STUDY MATERIAL:
+++

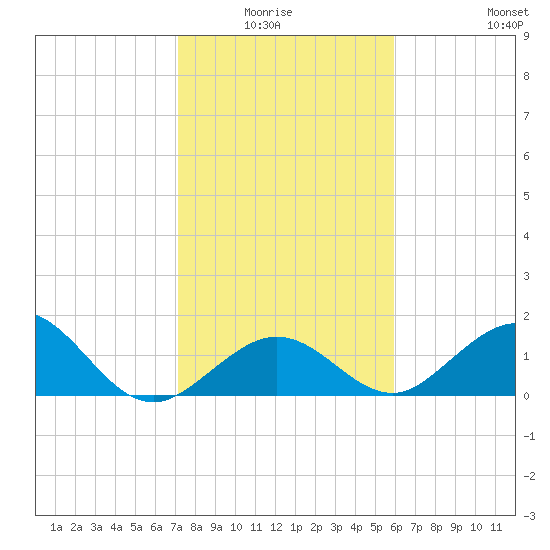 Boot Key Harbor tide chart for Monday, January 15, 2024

+++

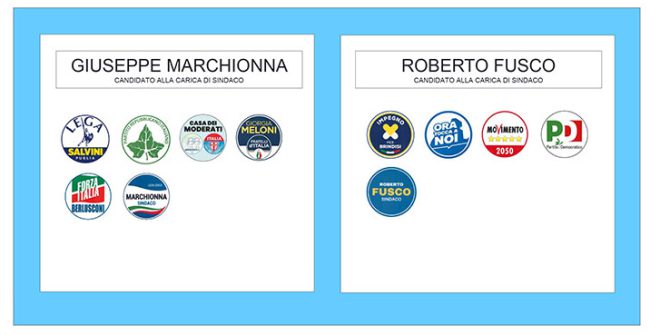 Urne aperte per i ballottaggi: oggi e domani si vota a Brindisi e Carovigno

+++

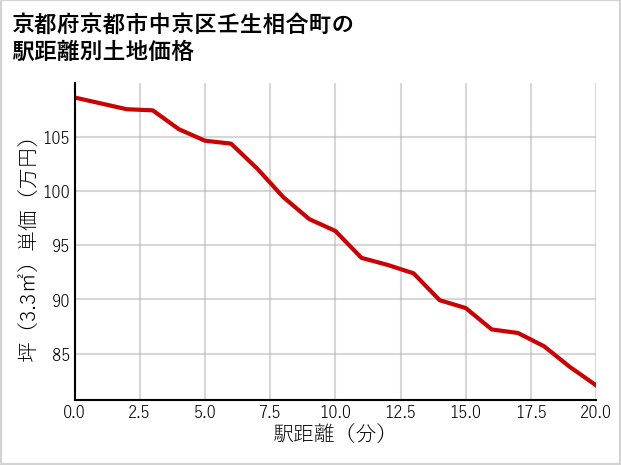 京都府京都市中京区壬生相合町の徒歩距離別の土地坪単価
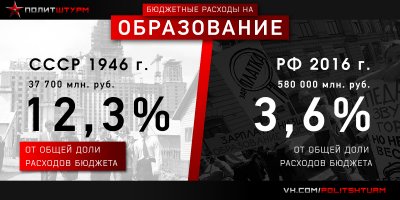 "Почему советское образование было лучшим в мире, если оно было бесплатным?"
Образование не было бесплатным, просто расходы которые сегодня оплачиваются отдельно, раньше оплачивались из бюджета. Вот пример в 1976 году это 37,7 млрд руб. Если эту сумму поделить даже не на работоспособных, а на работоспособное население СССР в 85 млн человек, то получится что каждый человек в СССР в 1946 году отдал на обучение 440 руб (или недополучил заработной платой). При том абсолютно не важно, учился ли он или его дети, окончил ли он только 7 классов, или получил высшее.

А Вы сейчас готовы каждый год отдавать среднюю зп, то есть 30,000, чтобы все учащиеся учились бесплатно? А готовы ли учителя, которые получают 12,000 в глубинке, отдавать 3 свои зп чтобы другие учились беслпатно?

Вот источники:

+++

TASK BRIEF: Lines containing "которые" in the records above: how many are there? Give only the number.

SOLUTION FOR THIS TASK: 2